CONNEAUT – A permanent fix to the balky wind turbine at Conneaut Middle School could come before the end of the year, Kent Houston, Conneaut Area City Schools superintendent, said Tuesday.
The 600-kilowatt turbine, erected early this year, has operated barely more than 60 percent of the time, according to a letter sent to Houston from owner NexGen Energy of Boulder, Colo. NexGen had expected the machine to work at a 95 percent level.
The problem is a faulty hydraulic system, John M. Brown, NexGen president, said in his letter.
“Unfortunately, the hydraulic system has failed to maintain the pressure necessary to operate the turbine effectively on an ongoing basis,” he said. “At no point has there been a safety risk to anyone. Without a properly functioning hydraulic system, the turbine simply does not run.”
Houston and school board member Nicholas Iarocci spoke recently with NexGen officials. New hydraulics will be installed within four to six weeks, Houston said.
“Hopefully, (the problem) is coming to an end,” he said.
The massive turbine was built at no cost to the school district, which agreed only to buy power it generates for a 10-year period. School officials were banking on NexGen’s rates proving cheaper than FirstEnergy’s costs.
The turbine’s low performance has made it difficult to evaluate the extent of savings, Iarocci said. The school’s electric bills are smaller but not as small as they could be if the machine were running as billed, he said.
“We’re not saving as much as we thought we would save,” Iarocci said. “But it’s not costing us any money. Overall, we’ve saved money by combining NexGen and First Energy.”
Treasurer Mary Gillespie agreed. Utility bills are down compared to 2009, she said. Officials know the turbine’s true worth will be known after it has been operating steadily for a few years, Gillespie said.
“We knew it would be long-term,” she said.
NexGen is just as affected as the Conneaut Middle School, Brown said in his letter.
“As you know, NexGen Energy, as the owner of the system, has made a significant financial investment in your project and is compensated on electricity generated, so we share your concern and disappointment,” he wrote.
As a goodwill gesture, the company has agreed to freeze the rate it charges the district through 2011, Brown wrote.
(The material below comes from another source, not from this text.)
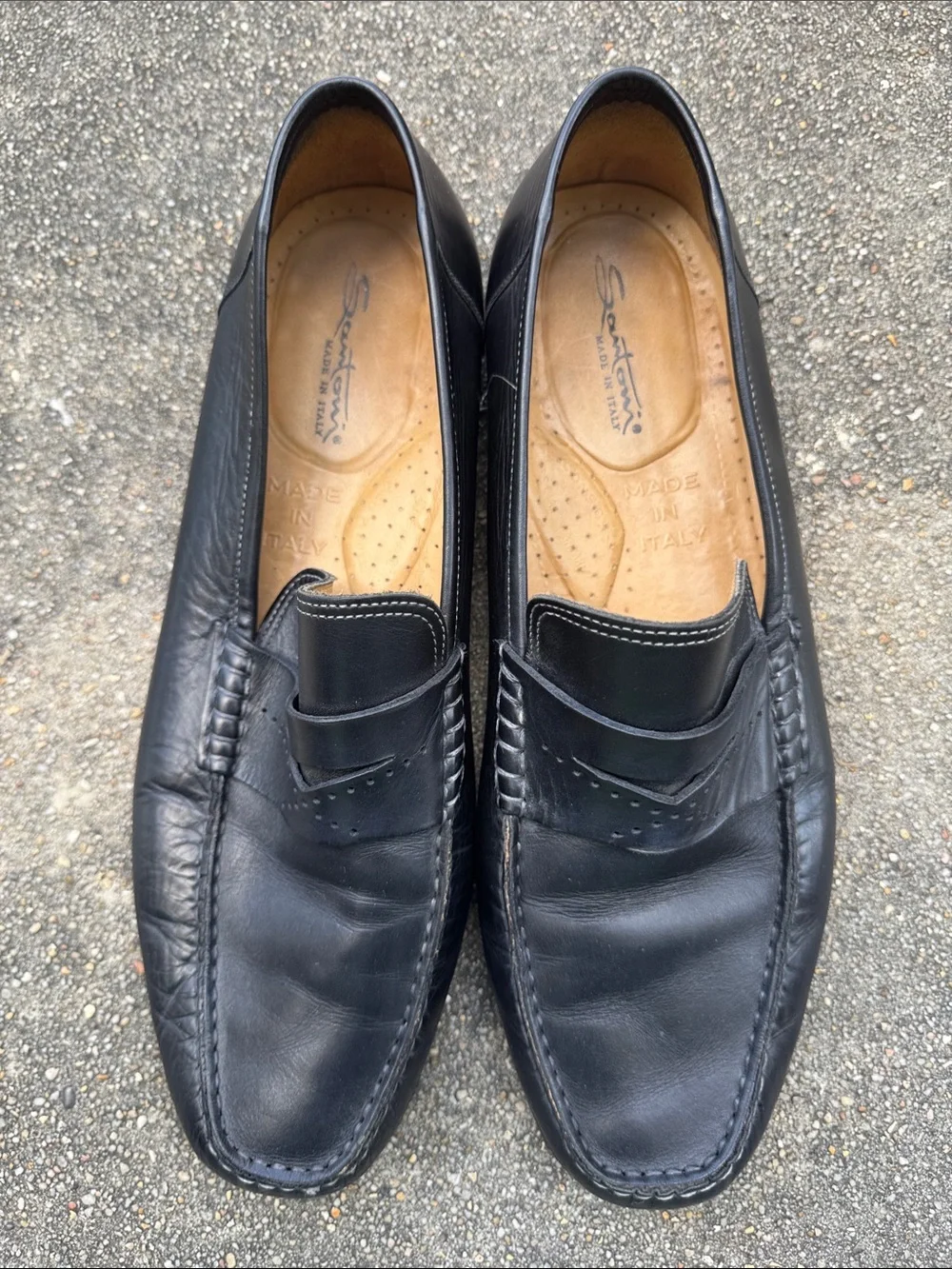 Santoni Black Leather Penny Loafers Size 11.5D - Made In Italy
The turbine, designed to provide 60 percent of the electricity needed at the middle school, raised concerns as far back as March, just a few weeks after it began operating. At that time, officials were told a few parts were needed to make it fully operational.
Over the past few months, plenty of people have contacted the district about the idled turbine, board members said.
NexGen also owns a smaller 400 kW turbine that is providing power to the city of Conneaut’s wastewater treatment plant. That turbine, perched on the Lake Erie shore, hasn’t been a problem, officials have said.